Mitchell Approximation: Turning Multiplication into Addition, with Error no more than 1/9

By 苏剑林 | December 14, 2020

Today, I would like to introduce a very interesting paper from 1962 titled "Computer Multiplication and Division Using Binary Logarithms", authored by John N. Mitchell. In it, he proposed a quite fascinating algorithm: in binary, multiplication of two numbers can be approximated entirely through addition, with a maximum relative error of no more than 1/9. The entire algorithm is quite ingenious, and even more interestingly, it has a very concise programming implementation that is simply marvelous. However, I found that there are almost no webpages introducing this algorithm online, so I am presenting it here.

Do you think this is just obsolete stuff? You would be wrong. Not long ago, someone used it to publish a paper at NeurIPS 2020! So, are you sure you don't want to learn about it?

Fast Logarithms and Exponents

When talking about turning multiplication into addition, one naturally thinks of logarithms and exponents, namely:

\begin{equation}pq = a^s, \quad s = \log_a p + \log_a q\end{equation}

This article is based on binary, so $a=2$. The problem is that while the above formula does indeed convert multiplication into addition, calculating the logarithms $\log_2 p, \log_2 q$ and the converted exponent $2^s$ is not an easy task. Therefore, to use this identity for multiplication, the key lies in implementing fast logarithm and exponentiation operations.
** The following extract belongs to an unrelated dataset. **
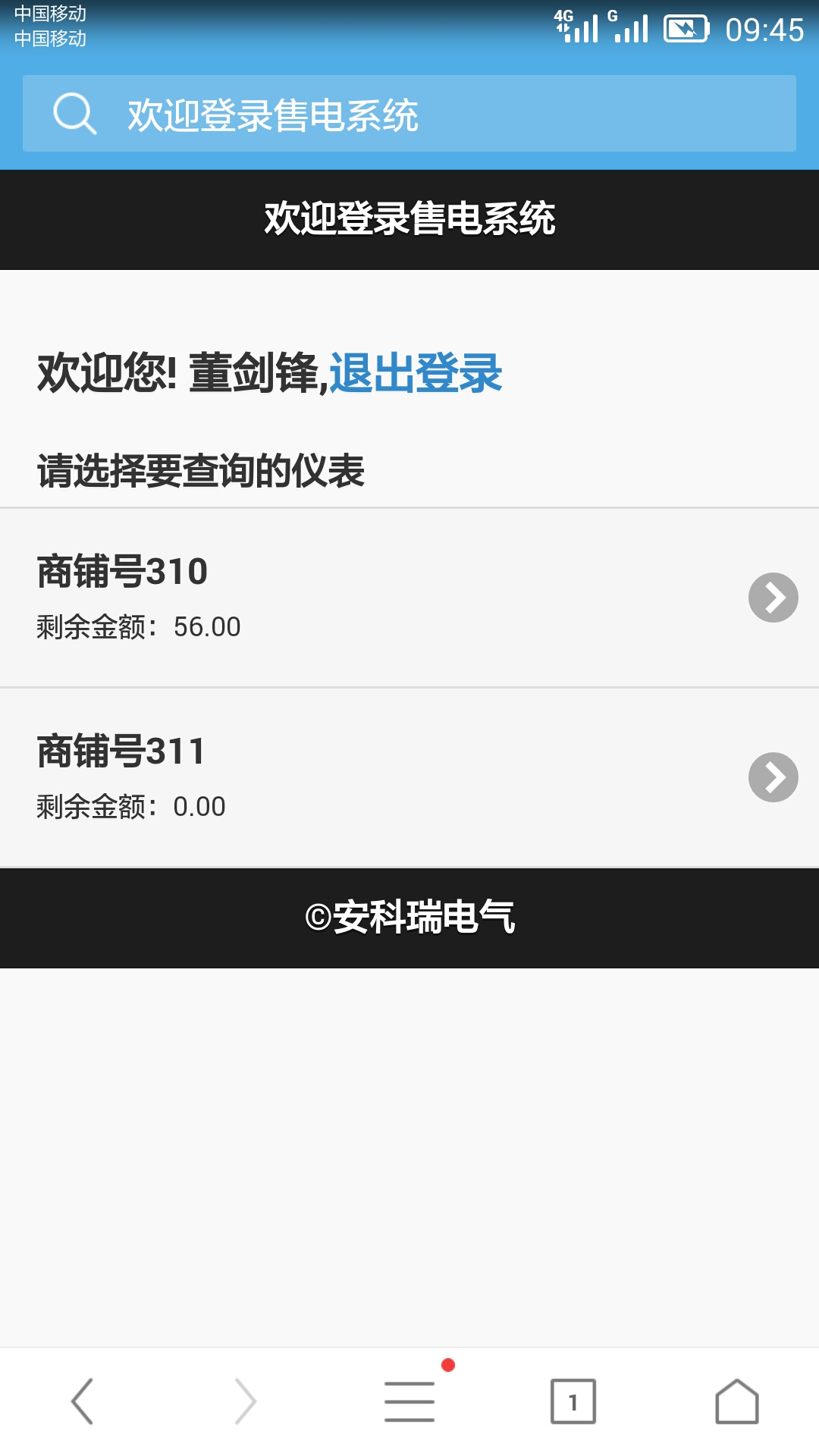 抖圈官网- 为du而生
For a non-negative decimal number $p$, let's assume its binary representation is:

\begin{equation}z_n z_{n-1} \cdots z_1 z_0 . z_{-1} z_{-2} \cdots z_{-(m-1)} z_{-m}\end{equation}

where $z_n = 1$ and each $z_i \in \{0, 1\}$. Then we have:

\begin{equation}p = 2^n + \sum_{i=-m}^{n-1} z_i 2^i = 2^n \left(1 + \sum_{i=-m}^{n-1} z_i 2^{i-n}\right)\end{equation}

Let $x = \sum\limits_{i=-m}^{n-1} z_i 2^{i-n}$. We get:

\begin{equation}\log_2 p = n + \log_2(1 + x)\end{equation}

Here, Mitchell made a quite bold and beautiful approximation, which is $\log_2(1 + x) \approx x$ (we will perform an error analysis later). Thus, we obtain:

\begin{equation}\log_2 p \approx n + x\end{equation}

What makes this result so wonderful? First, $n$ is an integer equal to the number of digits in the integer part of $p$ minus 1; its binary conversion is naturally an integer. What about $x$? From the definition of $x$, it's not hard to see that the binary representation of $x$ is actually:

\begin{equation}0 . z_{n-1} \cdots z_1 z_0 z_{-1} z_{-2} \cdots z_{-(m-1)} z_{-m}\end{equation}

In other words, $x$ is the fractional part of the approximation, and its binary representation is simply a modification of the binary representation of $p$ (a decimal point shift).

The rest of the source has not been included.